第三章 -清水浩介-
第41話
「僕は、何も悪くありません」
生まれて初めて入った取調室というものは、刑事ドラマで見た事がある通り、狭苦しくて殺風景で、コンクリート剥き出しの壁は圧迫感も伴って本当に居心地が悪い。
それでも、僕は机を挟んでこちらをじっと窺い見ている刑事に言わなければならなかった。
僕の主張を、僕の正当性を。そして、僕の無実を――。
僕は畳みかけるようにして、刑事に言った。
「重ねて言いますが、僕は何も悪くない。だって、ああしなかったら、やられていたのは僕の方だったんだから。僕は正当防衛を主張します」
「そうは言うけどな、君…」
僕の主張の言葉に対して呆れているのか、それとも困り果てているのか…。どっちとも取れるような曖昧な表情を浮かべながら、刑事は一度言葉を切る。

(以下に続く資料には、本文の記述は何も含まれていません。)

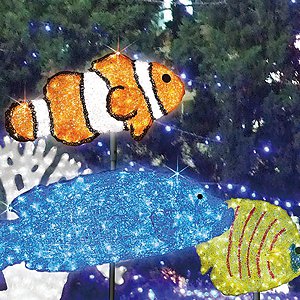 LED�N���X�^���O���[ �C���~�l�[�V�������`�[�t���C�g ���O �h�J �J�N���N�}�m�~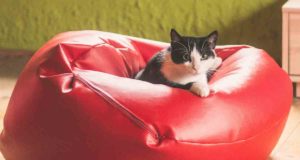 Quiero comprar un Puf ¿Cuál es el mejor?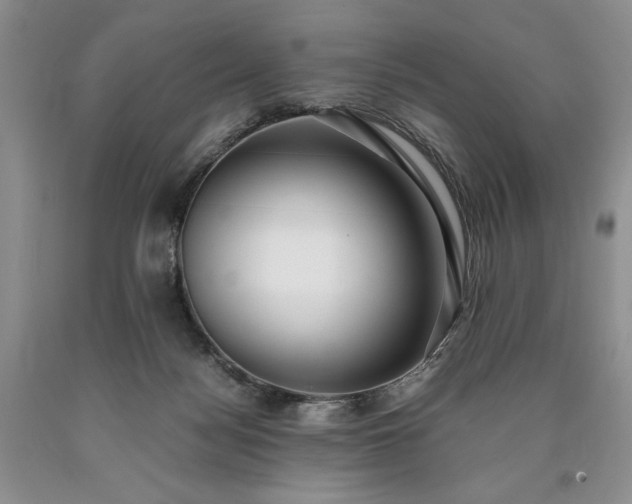 X0000090450172200707201321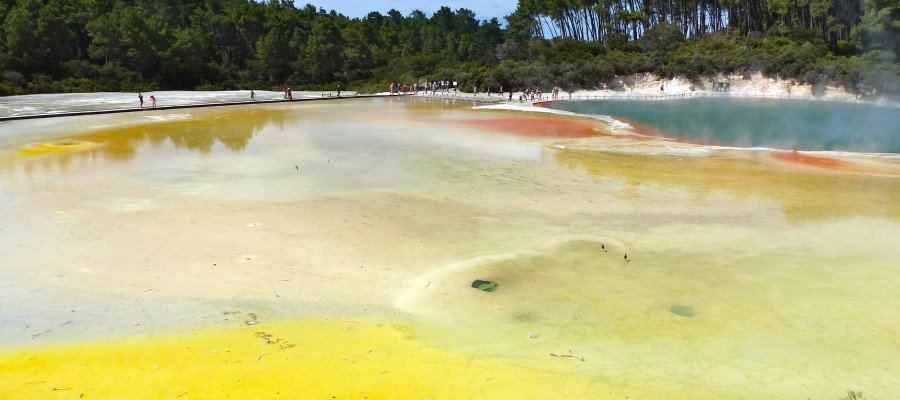 Visit Wai-O-Tapu in Rotorua 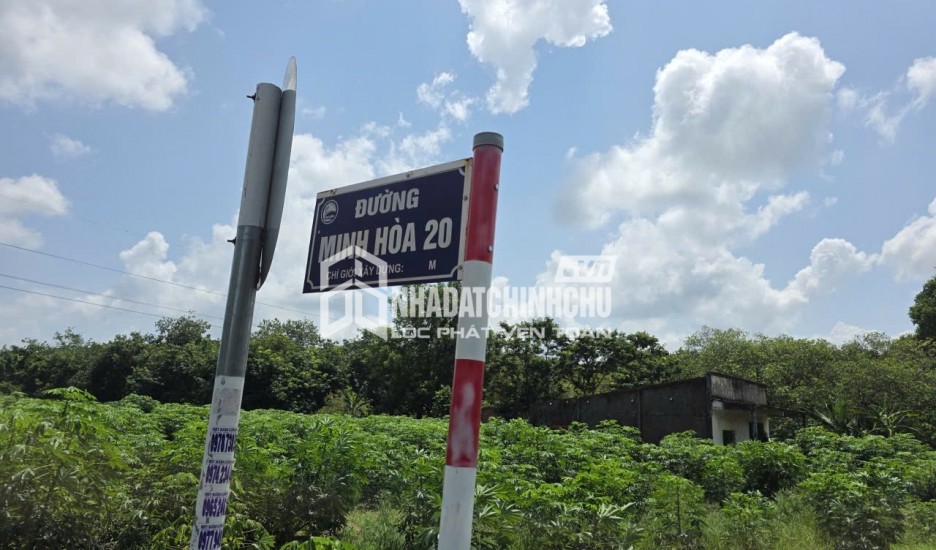CƠ HỘI ĐẦU TƯ Lô Đất Sào Cao Su đang khai thác  Đường Minh Hòa 20 xã Minh Thạnh, Bình Dương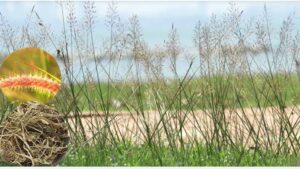 Cỏ may – Vị thuốc cổ truyền đến từ cỏ dại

昨日、初めて顔を合わせたこの刑事は、自分の事を狩野と名乗った。ぱっと見る限り、年齢は四十代って感じで、僕の父とそう変わらないようだ。
「俺が君を取り調べる事になったから」
そう言って調書の書類とボールペンを机の上に置きながらパイプ椅子に腰かけてきた狩野って人は、最初は本当に刑事には見えなかった。
何というか迫力がない。何人か他の刑事も取調室に入ってきて、僕の様子をじろじろと見たり彼の代わりに乱暴な口調で問い詰めてきたりしていったが、狩野にはそれが一切ない。
まるで、どこかの喫茶店で談笑でもしているかのような穏やかな表情のまま、僕と話そうとしていた。